Sega as a business isn’t going anywhere. Their commitment to packaged goods is still there, it’s just to the lines of that profitable part of the business. We tried the new IPs, the Binary Domains, the Vanquish’s, the Bayonettas, and unfortunately while some were critically successful (and some weren’t), they commercially just didn’t work. And you just can’t throw that kind of money at those kind of things without them working.
The view was, really, to focus on these four main properties, and get more out of each individual one. So the Sonic Team has to push the Sonic thread even further and see what else can be done. Then the Total War guys – what else can they do? There was Total War Battles that came out on iOS. So when they’ve got those brands, it’s about trying to maximise as much as they can out of those.
What you’ll see is more coming out of those brands, as opposed to new ones. Where you will see new ones, however, is in the digital space, such as The Cave, such as Hell Yeah!, so that’s where you’ll see new IPs and hopefully we can expand on that area.
In the packaged goods space, with $30-50 million budgets (and $30-50 million marketing budgets), it’s less feasible.
Would you see any new IPs developed in the digital space branching out into the boxed good market? Or perhaps a sub-brand of an existing franchise carving out its own space?
The thing is that now, all the individual IP silos now have to try and grow their brands, so they’ll now be looking at all those things. It’s fair to say there isn’t anything which is not on the table for discussion. It could be merchandise for Total War, free-to-play games – whatever it is, the people inside those brands have to grow those businesses.
They [Sega] see that as a better way to move forward than to invest in Bayonetta 2 or something like that, which I think will be great, but is there going to be a return on it? That’s the key part of it.
When you’re part of a $5 billion group, which the Sega Sammy Group is, your part has to return its profit, because every other part of the business is. If you’re not returning your profit, the money can be put elsewhere. It’s really about making sure it’s a profitable business, and that’ll make sure there’s a future for Sega.

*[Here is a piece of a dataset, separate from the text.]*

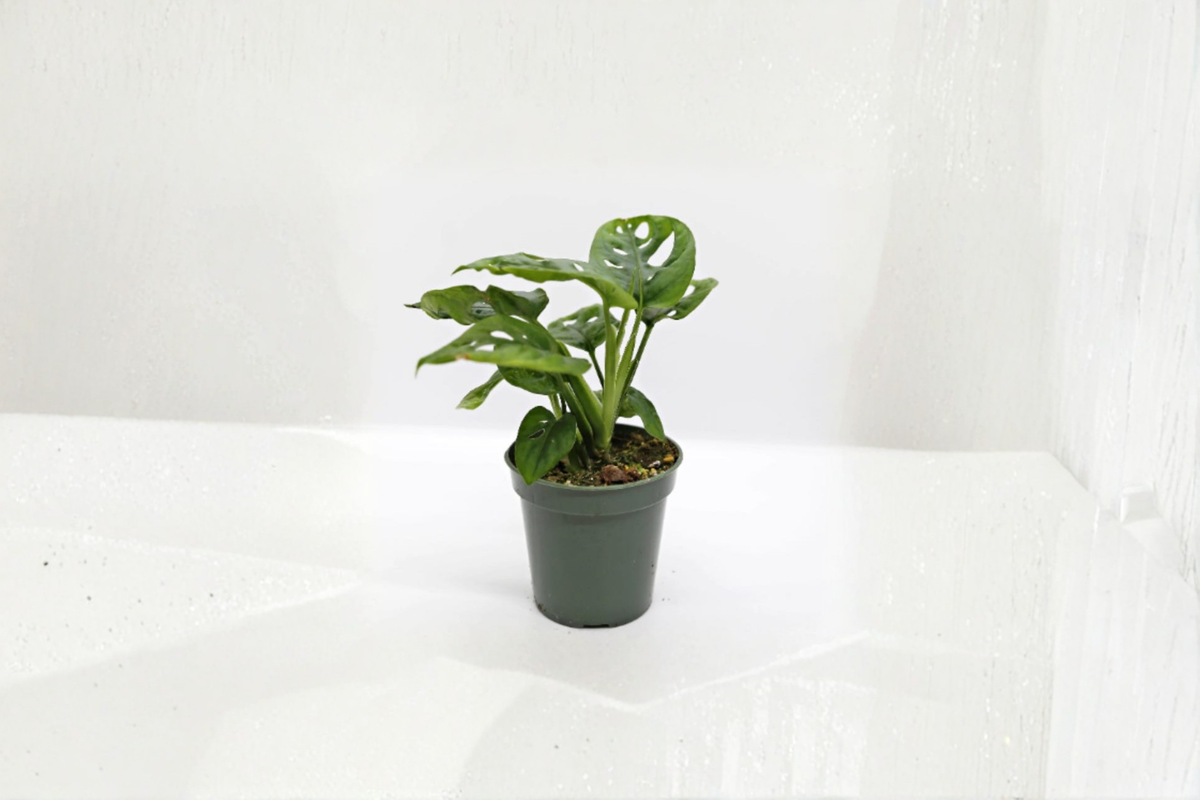 Monstera Adansonii Live Houseplant, Swiss Cheese Plant, Climbing Tropical Foliage, Rooted in 2 or 4 Inch Pot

There aren’t a huge amount of companies in this space which are profitable unfortunately.
So start with the continuity of the same old team with Five Star Games, and plan any future developments after you’ve hit the ground running, is that the plan?
Yeah, so we’ve got a fair bit of product coming up. You’ve got Football Manager. When? We’ll let you know, but you can bet there will be, and there’ll just as likely be another one coming out next year, I’d say.

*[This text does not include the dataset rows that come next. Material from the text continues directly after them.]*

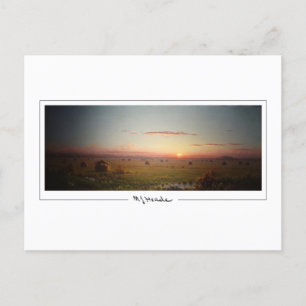 Martin Johnson Heade #77 - Fine Art Briefkaart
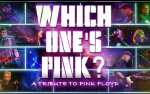 Which Ones Pink?- A Tribute to Pink Floyd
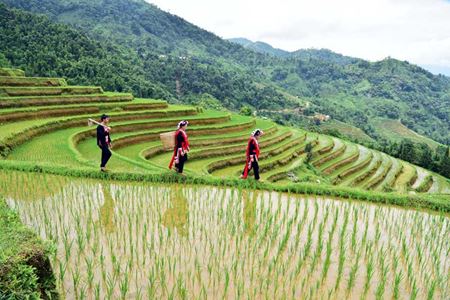 Top 5 des meilleurs endroits pour le trekking au Vietnam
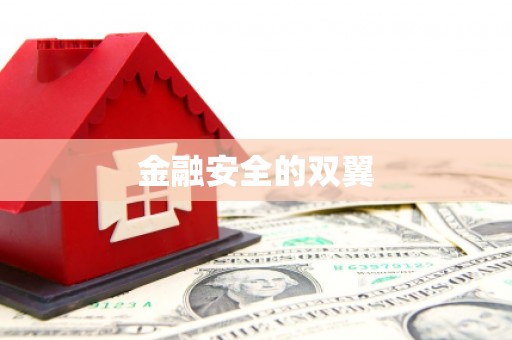 安溪金融安全的双翼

There’s Sonic Racing Transformed coming out in November, which differs from the first one in that as you’re racing through the track, the track will change and as it does, the car will transform into a boat, plane, jets or other different things. The flying was probably the hardest thing to get done – the boats racing across water is just really cool.
You’ve got that, you’ve got Aliens coming in February, which, again, is looking great. It’s just incredible. When you get to see what the story is…

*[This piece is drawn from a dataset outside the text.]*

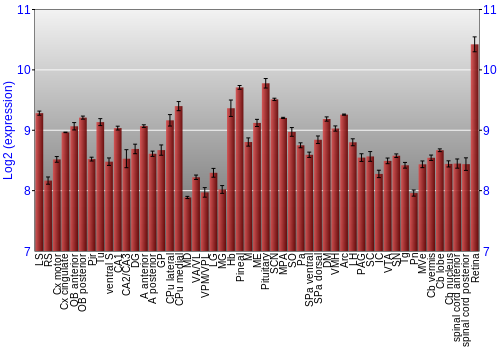 Expression graph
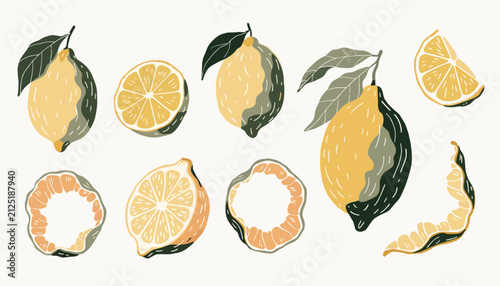 Bild auf Leinwand Hand Drawn Lemon Slices and Whole Fruits for Summer Design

…yeah, only multiplayer was on display at E3.
Yes, and that’s because we don’t want to give too much away. I spent time with Randy [Pitchford] when he was out here. He spoke to me about the story, and it blew my mind. When they say it’s the true sequel to Aliens, it is.
You can’t just take something that exists in Fox’s universe which was written by those amazing guys and just do what we want. It’s got to have the right storyline.
At E3, we had the xenos versus the marines, and the public played as marines with the Gearbox people playing as the xenos. The reason for that was that it takes a little getting used to, and we couldn’t have people pick up the xenos and expect to just get is straight away.
The guys from Gearbox only lost one game in that entire two and a half days at E3. I would’ve thought the marines would’ve outpowered the aliens something fierce. It’s down to the different ways they do it, the different types of aliens they’re bringing in – people are going to love the different sides of it.
So you’ve got that, and then obviously we announced Total War: Rome 2.
My first response to that was to check on whether the Aussie guys had anything to do with it.
Yeah, the local guys are done with the Olympics, but they’ve got other unannounced projects they’re working on.
They’ve got some great ideas, and from my perspective the team at Sega Studios Australia has a really good road map – I don’t doubt them at all. Marcus [Fielding] and the guys are really switched on, so I can’t wait to see how their next projects go.
They’ve got things to be working on. People will be really happy with what’s going on.
So other than Rome, we’ve also got another Aliens (which we’ve announced), which is being done at Creative Assembly [UK] as well. When they opened up their new extension to their studio in Horsham and put their console team together, they announced it then. So there’s another Aliens console property which is due later on.